#### [Data shown]
——————

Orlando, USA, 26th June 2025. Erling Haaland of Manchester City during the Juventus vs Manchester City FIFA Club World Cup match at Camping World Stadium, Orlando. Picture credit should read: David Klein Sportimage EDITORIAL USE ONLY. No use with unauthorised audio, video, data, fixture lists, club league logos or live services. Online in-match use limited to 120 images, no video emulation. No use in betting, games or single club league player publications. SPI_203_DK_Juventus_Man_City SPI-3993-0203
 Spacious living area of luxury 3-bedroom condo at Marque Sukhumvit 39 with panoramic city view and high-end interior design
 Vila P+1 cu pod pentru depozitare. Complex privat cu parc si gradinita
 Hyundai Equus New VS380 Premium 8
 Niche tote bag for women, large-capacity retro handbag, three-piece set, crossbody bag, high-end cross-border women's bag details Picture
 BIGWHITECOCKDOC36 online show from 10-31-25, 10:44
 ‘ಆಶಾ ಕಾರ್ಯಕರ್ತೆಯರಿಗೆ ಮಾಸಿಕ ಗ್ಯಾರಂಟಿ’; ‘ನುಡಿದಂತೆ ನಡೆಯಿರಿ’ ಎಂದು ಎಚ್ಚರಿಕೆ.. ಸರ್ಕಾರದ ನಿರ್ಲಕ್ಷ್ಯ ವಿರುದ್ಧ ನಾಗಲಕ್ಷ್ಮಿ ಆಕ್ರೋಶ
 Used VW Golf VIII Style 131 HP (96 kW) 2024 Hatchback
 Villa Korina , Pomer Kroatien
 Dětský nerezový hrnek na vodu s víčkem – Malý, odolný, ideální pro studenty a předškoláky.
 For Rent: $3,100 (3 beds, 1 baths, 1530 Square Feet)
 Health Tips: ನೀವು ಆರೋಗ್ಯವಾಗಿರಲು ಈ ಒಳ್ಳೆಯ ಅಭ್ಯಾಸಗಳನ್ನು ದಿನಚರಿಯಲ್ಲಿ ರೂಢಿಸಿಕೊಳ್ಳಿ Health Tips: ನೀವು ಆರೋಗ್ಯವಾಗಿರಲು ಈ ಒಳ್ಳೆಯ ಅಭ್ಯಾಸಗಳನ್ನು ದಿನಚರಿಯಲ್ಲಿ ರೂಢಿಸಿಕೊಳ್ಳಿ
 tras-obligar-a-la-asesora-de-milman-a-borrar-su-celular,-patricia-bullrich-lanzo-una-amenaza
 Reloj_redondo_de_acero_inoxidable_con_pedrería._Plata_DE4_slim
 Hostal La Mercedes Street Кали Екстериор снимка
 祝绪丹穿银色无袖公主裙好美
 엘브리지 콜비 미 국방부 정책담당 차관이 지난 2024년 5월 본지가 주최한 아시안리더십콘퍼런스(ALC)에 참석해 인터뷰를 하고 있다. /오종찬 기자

——————

#### [Exercise goal]
Only one stretch of the data above is needed. Restate it word for word, from the line containing "Hyundai Equus New VS380 Premium 8" through the line containing "ವಿರುದ್ಧ ನಾಗಲಕ್ಷ್ಮಿ ಆಕ್ರೋಶ", both ends included.

#### [Response below]
 Hyundai Equus New VS380 Premium 8
 Niche tote bag for women, large-capacity retro handbag, three-piece set, crossbody bag, high-end cross-border women's bag details Picture
 BIGWHITECOCKDOC36 online show from 10-31-25, 10:44
 ‘ಆಶಾ ಕಾರ್ಯಕರ್ತೆಯರಿಗೆ ಮಾಸಿಕ ಗ್ಯಾರಂಟಿ’; ‘ನುಡಿದಂತೆ ನಡೆಯಿರಿ’ ಎಂದು ಎಚ್ಚರಿಕೆ.. ಸರ್ಕಾರದ ನಿರ್ಲಕ್ಷ್ಯ ವಿರುದ್ಧ ನಾಗಲಕ್ಷ್ಮಿ ಆಕ್ರೋಶ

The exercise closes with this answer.